Die nicht selten fast unlesbare Handschrift Hilles und seine ästhetische Randstellung verstärkten die Neigung, ihn nur als subkulturelles Unikum wahrzunehmen. Lediglich die DDR-Germanistik unternahm in den siebziger Jahren den Versuch, ihn wegen seiner sozialistischen Sympathien dem eigenen Kanon einzufügen, was aber am antikollektivistischen Gedanken seines Schreibens scheiterte*.

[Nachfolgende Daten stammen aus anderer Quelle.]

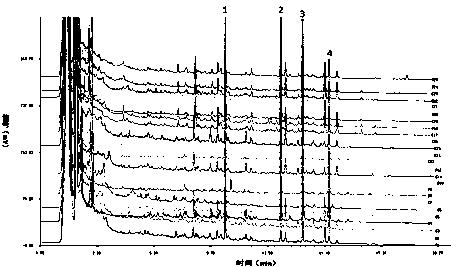 Poria cocos standard decoction UPLC characteristic spectrum construction method and detection method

In der Bundesrepublik blieb Hilles Erbe der Regionalliteraturforschung überlassen. Und die Literaturkommission für Westfalen ist es auch, die in Zusammenarbeit mit der Peter-Hille-Forschungsstelle der Universität Paderborn im Aisthesis Verlag seit einiger Zeit vorbildlich edierte Ausgaben seiner Schriften herausbringt. Nachdem dort bereits 2007 die erste chronologische Ausgabe von Hilles Werken zu Lebzeiten herausgekommen ist, liegt nun die Gesamtausgabe seiner Briefe vor (Peter Hille: Sämtliche Briefe. Kommentierte Ausgabe. Hrsg. von Walter Gödden und Nils Rottschäfer, Bielefeld 2010). Es ist den Herausgebern hoch anzurechnen, dass sie sich bewusst bleiben, wie unpassend mit Blick auf Hille die Rede von „Sämtlichen Briefen“, vom „Gesamtwerk“, ja vom „Werk“ überhaupt ist. Das dem Band beigefügte Register von Hilles brieflich erwähnten, aber nicht nachzuweisenden Werken ist länger als die Liste seiner erschienenen Texte. Einige seiner Briefe, vor allem die an Lasker-Schüler, lesen sich selbst wie literarische Vignetten, und seine Manuskript- und Briefgestaltung, für welche die Ausgabe im Anhang Beispiele vorstellt, macht es schwierig, zwischen Haupt- und Paratext, Einfügungen und Nebengedanken zu unterscheiden. / MAGNUS KLAUE, FAZ 22.6.

Peter Hille: 
Sämtliche Briefe: Kommentierte Ausgabe - Broschiert von Peter Hille, Walter Gödden und Nils Rottschäfer
EUR 49,80

*) was immer Scheitern da heißt. Ein paar Büchernarren versuchen einen Autor bekanntzumachen, zumindest der Reclamband landete in ein paar zehntausend Bibliotheken und wurde gelesen (Hille landete in meinem Kanon zB), aber sie haben den Staatsplan nicht erfüllt?